One wonders how Emma Mhic Mhathúna would feel today knowing that women affected by the CervicalCheck scandal are still fighting their way through an adversarial legal process
When Emma Mhic Mhathúna succumbed to cervical cancer in 2018, leaving five children behind, her funeral cortege wound its way by the Dáil, Government Buildings and the Department of Health.
In a statement, her family said the 37-year-old had deliberately requested that route not as a protest, but to “encourage those within to hold a mirror up to the organisations and agencies that they preside over politically and practically”.
Even in death, Ms Mhic Mhathúna wanted to send a message. That the State should do everything in its power to ensure her “tragic situation will never happen to another Irish mother or Irish woman again”.
One wonders how Ms Mhic Mhathúna would feel today knowing that women, affected by the CervicalCheck scandal, are still fighting their way through an adversarial legal process more than two years after she died.
This week another young mother, Lynsey Bennett, wept outside the High Court after her case finally settled, saying she hoped she has “done enough to secure [her daughters] a future free of financial worries”.
Ms Bennett, who is terminally ill, had to spend precious time away from her daughters fighting her legal case during a pandemic which further endangers her health. The level of stress and anxiety she must have experienced throughout this time is unimaginable.
At what point do we say, enough is enough? How many more seriously ill women do we want to see making tearful statements on the steps of the Four Courts? Is there any room for nuance or humanity?
When Gabriel Scally published his review into CervicalCheck, one of the most striking things was his determination to listen to every single woman who came forward. More than 150 women contacted him and he personally responded to every single one. Some were satisfied with an email, but many preferred to speak to him on the phone.
“These were rarely, if ever, short conversations; and some were emotional and harrowing for the women concerned, or for the relatives, usually the husband of the deceased,” he wrote.
Many of these women felt Dr Scally was the first person in a position of authority who was interested in what they had to say – in their trauma, their feelings of powerlessness and their anger at medics’ failure to inform them of their own medical information, after there was an audit of their smear tests.
They told their stories hoping there would be meaningful change. They wanted their experiences to be documented for the public record. They wanted to ensure the paternalism and misogyny they had endured – with one woman’s family told by a consultant “nuns don’t get cervical cancer” – to be stamped out forever.
It was supposed to be a watershed moment. Then Taoiseach Leo Varadkar stood up in the Dáil and offered the women a comprehensive State apology.
“Today we say sorry to those whose lives were shattered, those whose lives were destroyed, and those whose lives could have been different.
“We are sorry for: failures of clinical governance; failures of leadership and management; failure to tell the whole truth and do so in a timely manner; the humiliation, disrespect and deceit; the false reassurance; and the attempts to downplay the seriousness of this debacle,” he said.
Fine words, but what was their impact? Very little. The whole approach to these women, from the outset, has been to view them as threats to the State coffers. An accounting anomaly to be minimised.
They were not told about an audit of their smears because there is no statutory duty of candour in Irish law. Medics were under no obligation to give them this information, so they decided not to. A duty of candour is still absent. A ‘Patient Safety Bill’, which includes a statutory duty of candour, was published in 2019 but has yet to be enacted.

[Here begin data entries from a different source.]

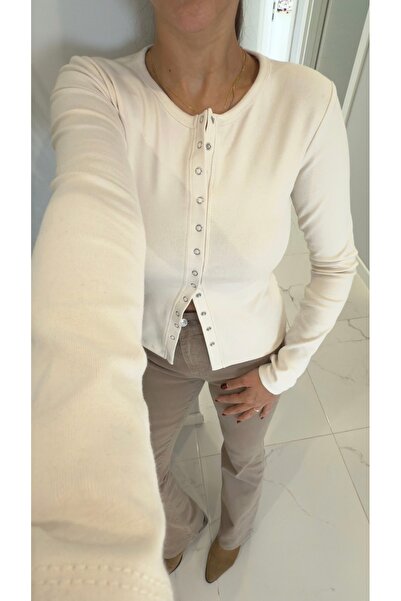 BİRCANÇİL Nus Ecru Snap Button Blouse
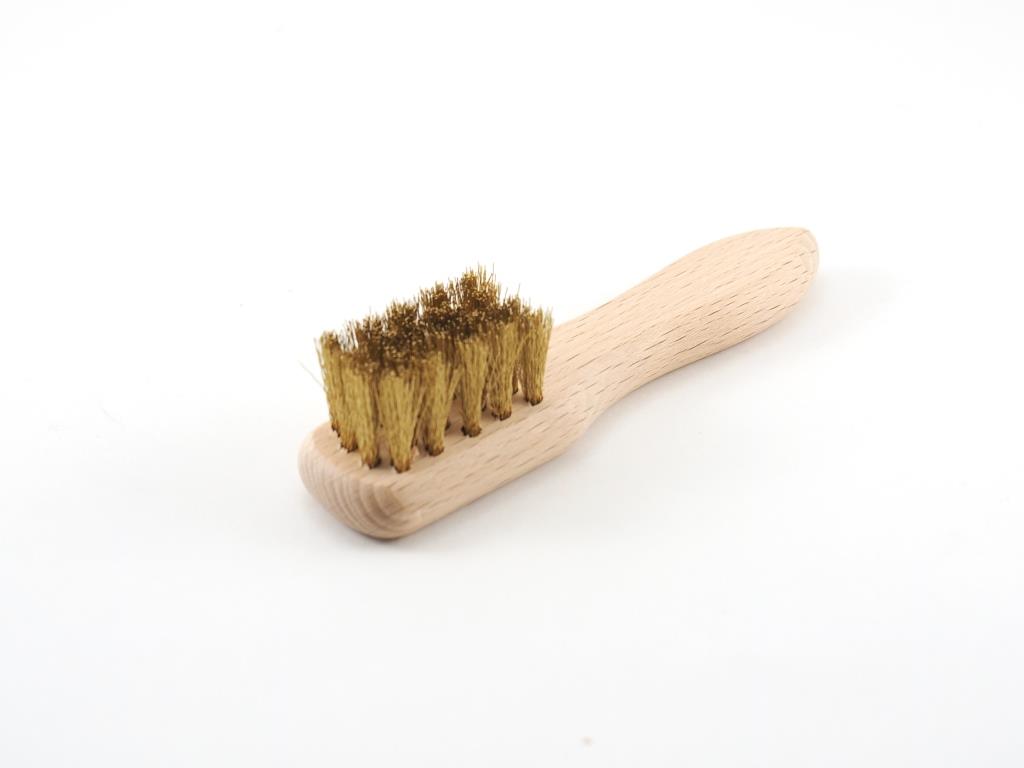 Petite brosse de nettoyage en laiton avec manche en bois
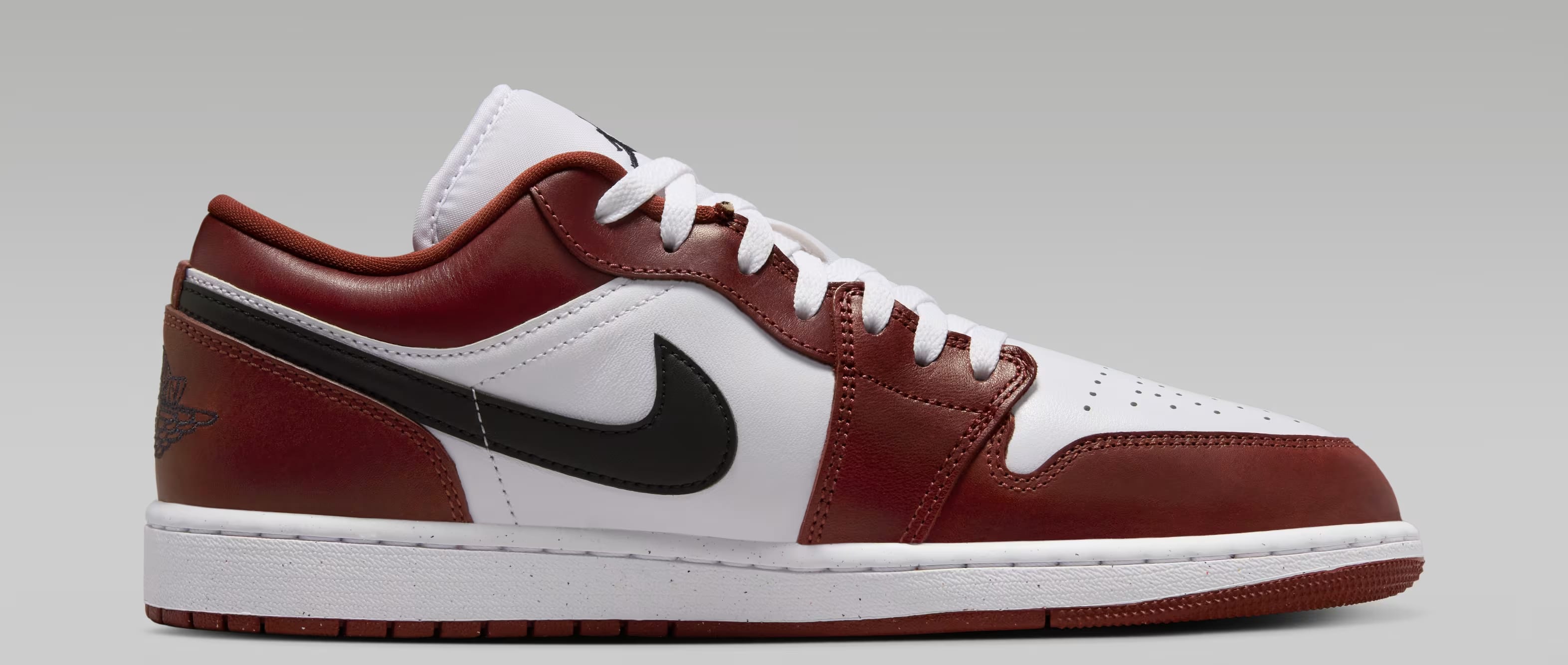 Air Jordan 1 Low SE "Dark Pony"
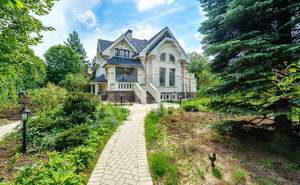 Дом 360м², 3-этажный, участок 0 сот.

Leo Varadkar infamously promised none of the women would be forced to fight legal battles in court, but there are nearly 200 cases pending. The State Claims Agency, which handles these cases for the HSE, has a statutory duty to act in the best interest of the taxpayer. But the interests of the taxpayer extend further than mere financial interests.
There is a public interest in ensuring terminally ill women do not spend their final days embroiled in adversarial legal battles, fearful their families will be left in a financial hole when they lose their cancer battle.
Crucially, for those women who are terminally ill, there is an additional worry. If they die before a settlement or an adjudication is reached, the compensation their families receive will be greatly reduced.
Too often in our history, individual women have had to take on the might of the State to force change. May McGee fought for reproductive rights in the 1970s; Brigid McCole was subjected to a virulent attack when she took a case in the 1990s over the Hepatitis C scandal and Vicky Phelan’s refusal to sign a confidentiality agreement in 2018 revealed the extent of the CervicalCheck crisis.
After their seismic legal victories, attention has turned to the political system to institute reforms to ensure no other woman should suffer as they did. On each occasion, the political system has failed.
Speaking last year, Vicky Phelan asked a very simple question: “Why is it so hard to do what is right by women who have already been failed by the State?” It remains unanswered.